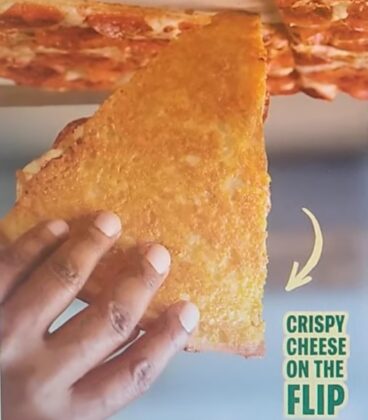 Papa John's New Crispy Parm Pizza And New Deluxe Cheese Crispy Parm
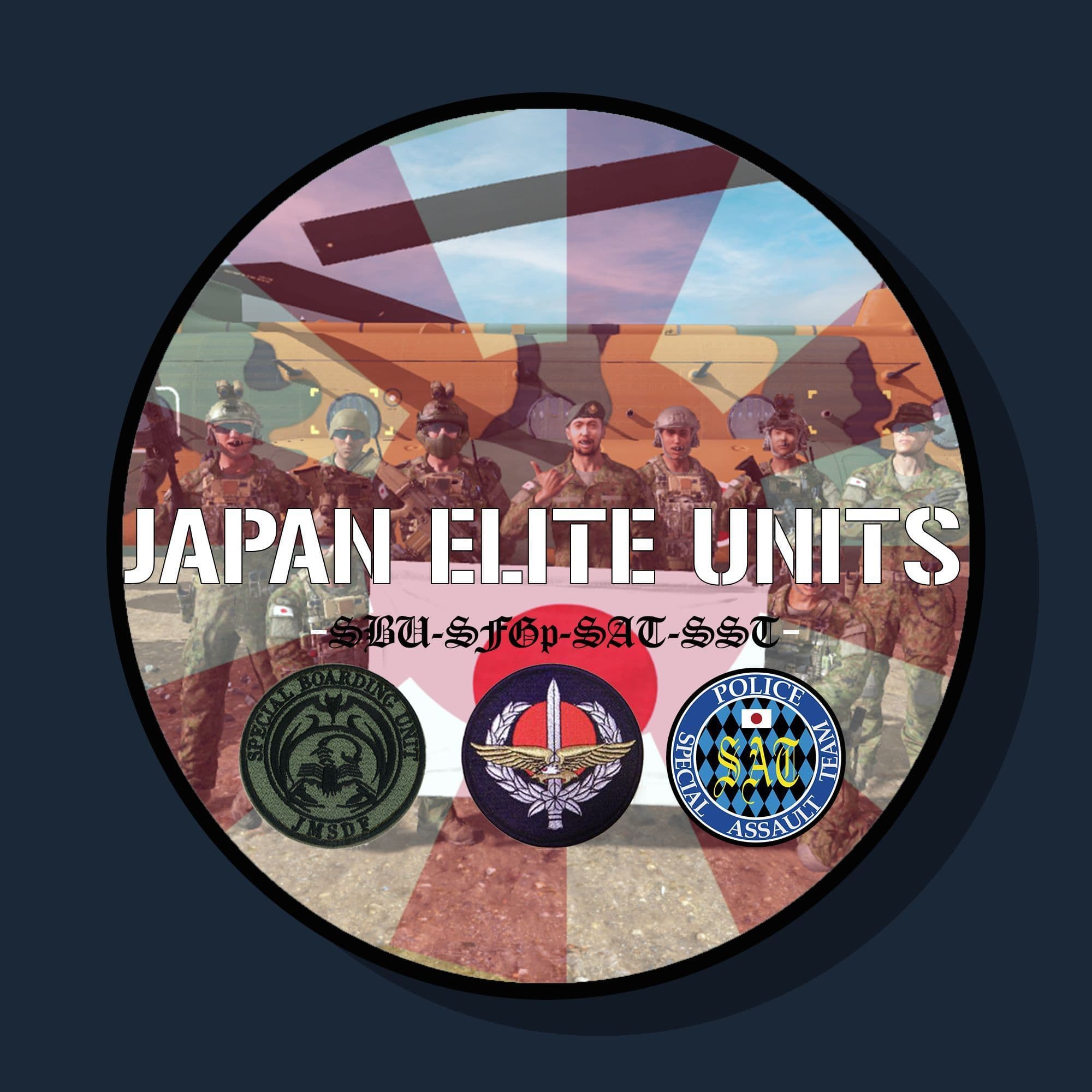 Japan Elite Units — Arma 3 Workshop preview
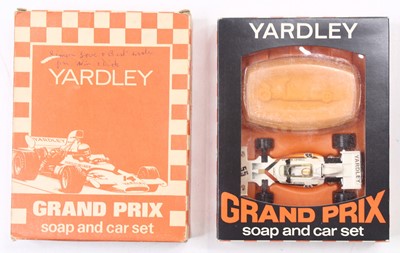Lot 1199 - Corgi Toys Grand Prix Soap and Car Set,...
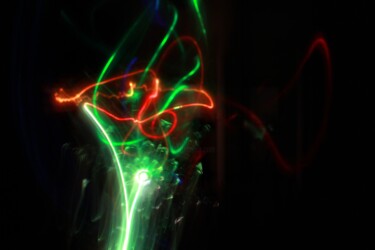 Photography titled "Fotu3" by Alena Volkava, Original Artwork, Light Painting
· · · · · · ·
* PROBLEM: What is needed is an exact transcription of the lines from the one holding "Japan Elite Units — Arma 3 Workshop preview" to the end of the data, with every picture left out.

* TASK ANSWER:
 Japan Elite Units — Arma 3 Workshop preview
Lot 1199 - Corgi Toys Grand Prix Soap and Car Set,...
 Photography titled "Fotu3" by Alena Volkava, Original Artwork, Light Painting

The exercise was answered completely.